# Work request
Write out the lines below exactly, beginning at the one with "[722023785WPAYT] Mens Mitchell" and stopping after the one with "27#3672 Motociclo Yamaha 250cc"; the pictures are not copied.

# Data provided
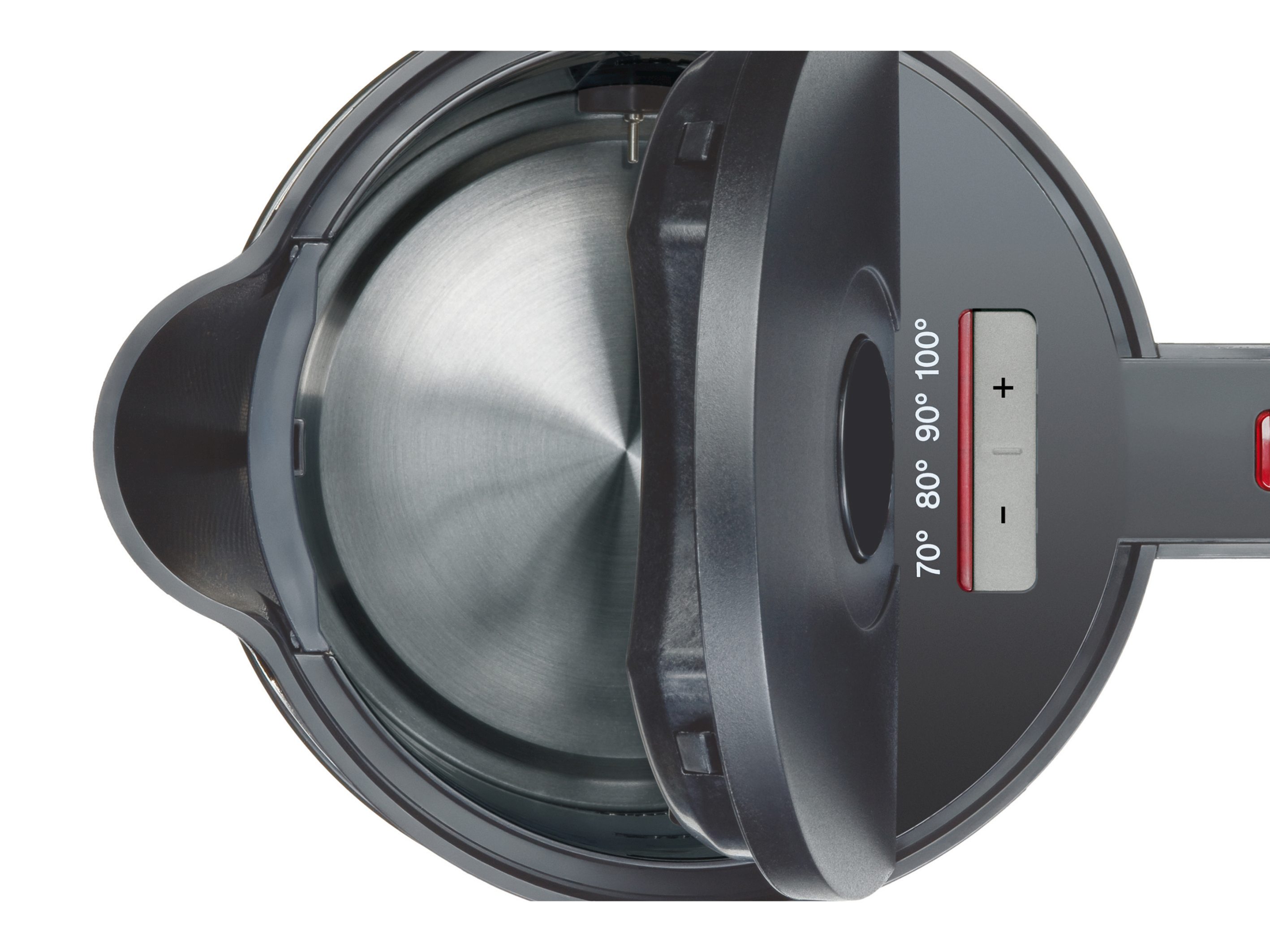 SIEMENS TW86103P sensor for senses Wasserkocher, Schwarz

--

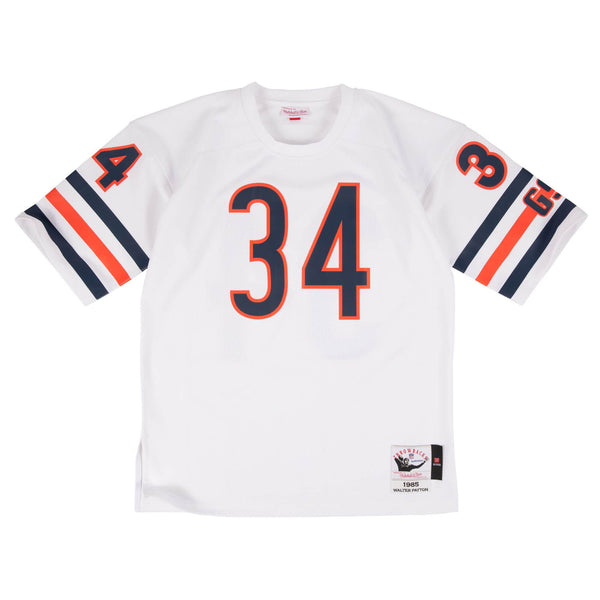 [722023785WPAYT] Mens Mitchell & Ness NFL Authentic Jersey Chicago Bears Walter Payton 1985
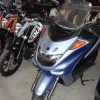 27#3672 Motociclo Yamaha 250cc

...

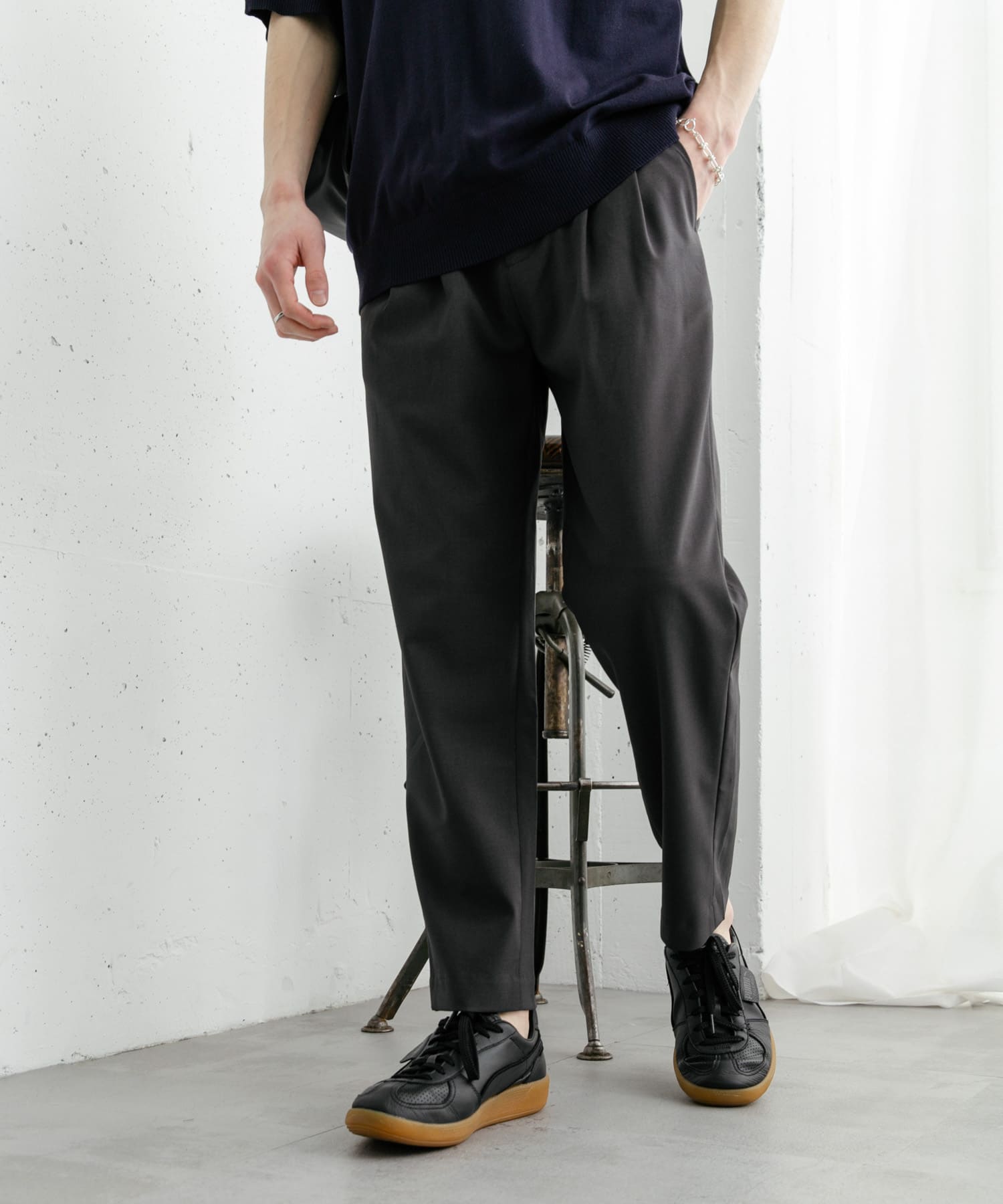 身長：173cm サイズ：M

# Response area
 [722023785WPAYT] Mens Mitchell & Ness NFL Authentic Jersey Chicago Bears Walter Payton 1985
 27#3672 Motociclo Yamaha 250cc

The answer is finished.